ABOUT THIS TASK: When you copy from the entries that follow, take only the lines from the one with "雨虹防水 雨虹200彩色柔韌型 廚房衛生間防水涂料" down to the one with "016期赌神狗报[图]", keeping both ends and dropping every picture.

DATA LISTING:
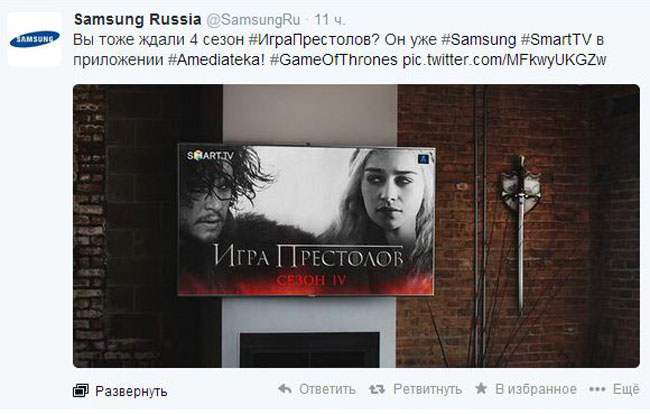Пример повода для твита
--
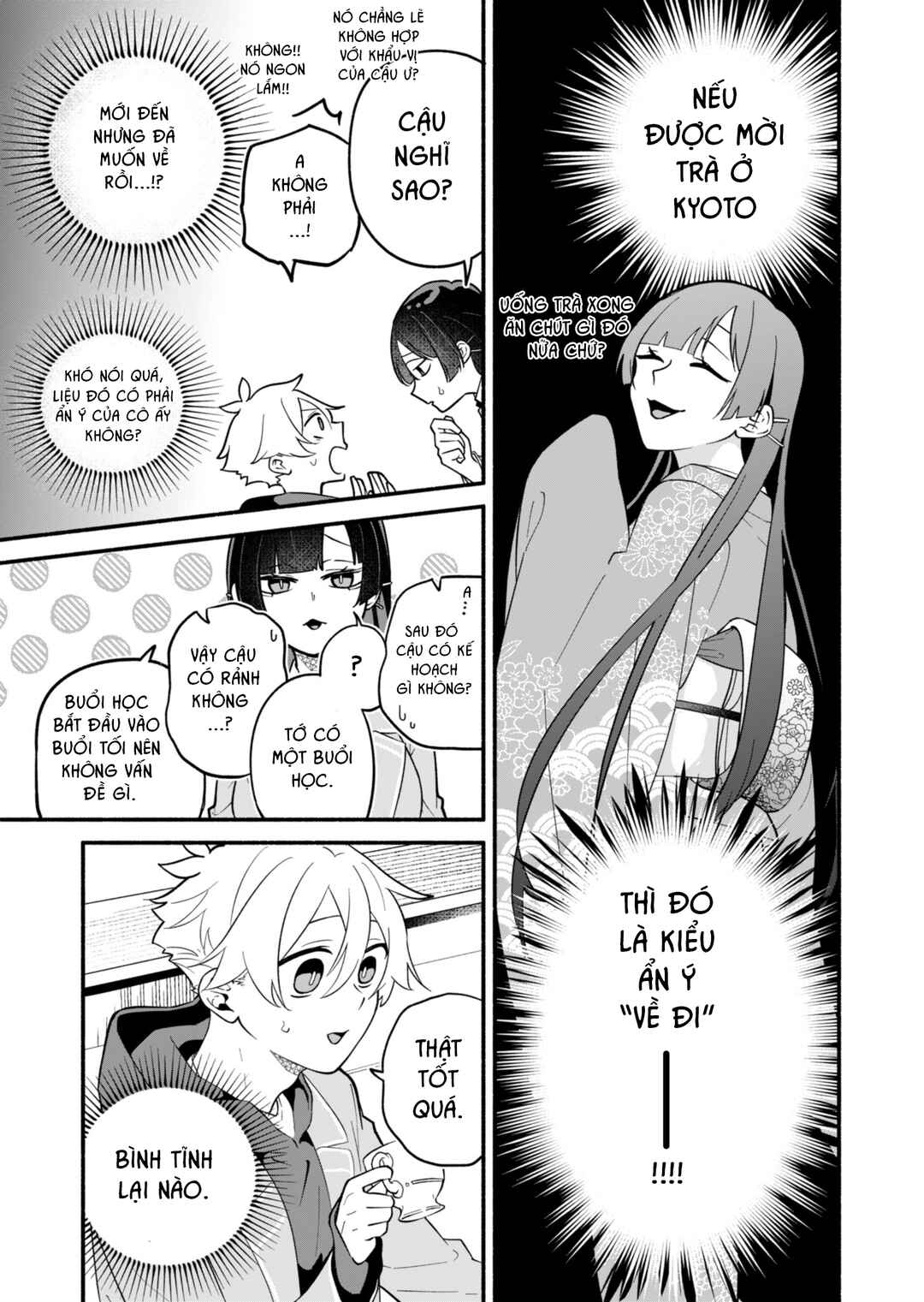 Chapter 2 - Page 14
==
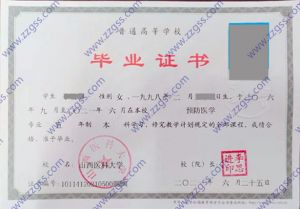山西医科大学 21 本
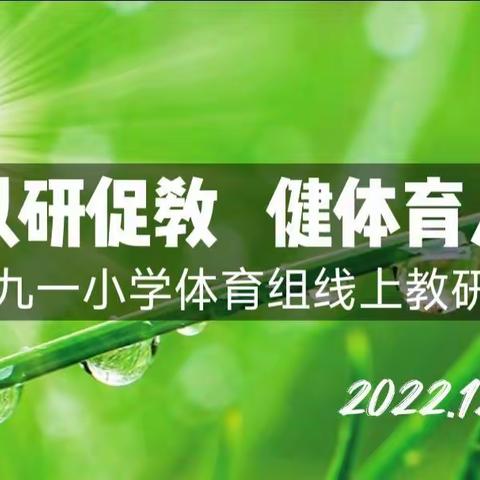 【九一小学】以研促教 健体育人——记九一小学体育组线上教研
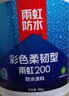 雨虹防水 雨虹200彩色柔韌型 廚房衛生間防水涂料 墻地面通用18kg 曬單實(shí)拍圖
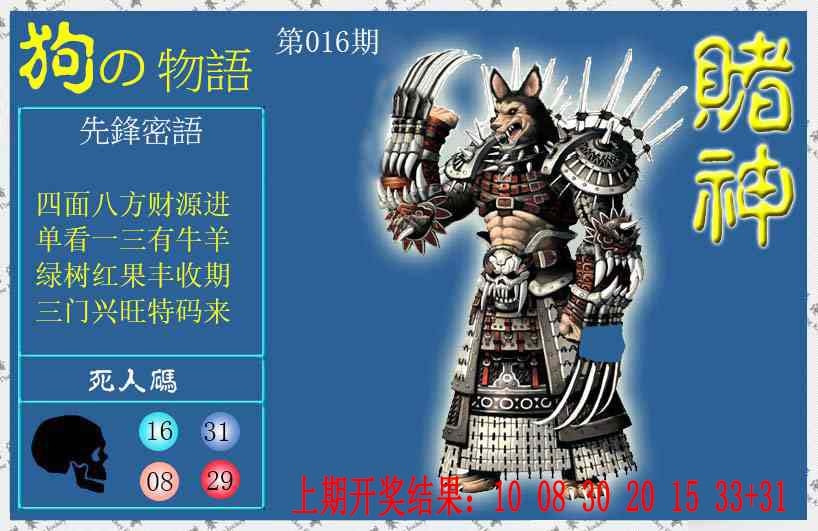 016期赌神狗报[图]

TASK ANSWER:
 雨虹防水 雨虹200彩色柔韌型 廚房衛生間防水涂料 墻地面通用18kg 曬單實(shí)拍圖
 016期赌神狗报[图]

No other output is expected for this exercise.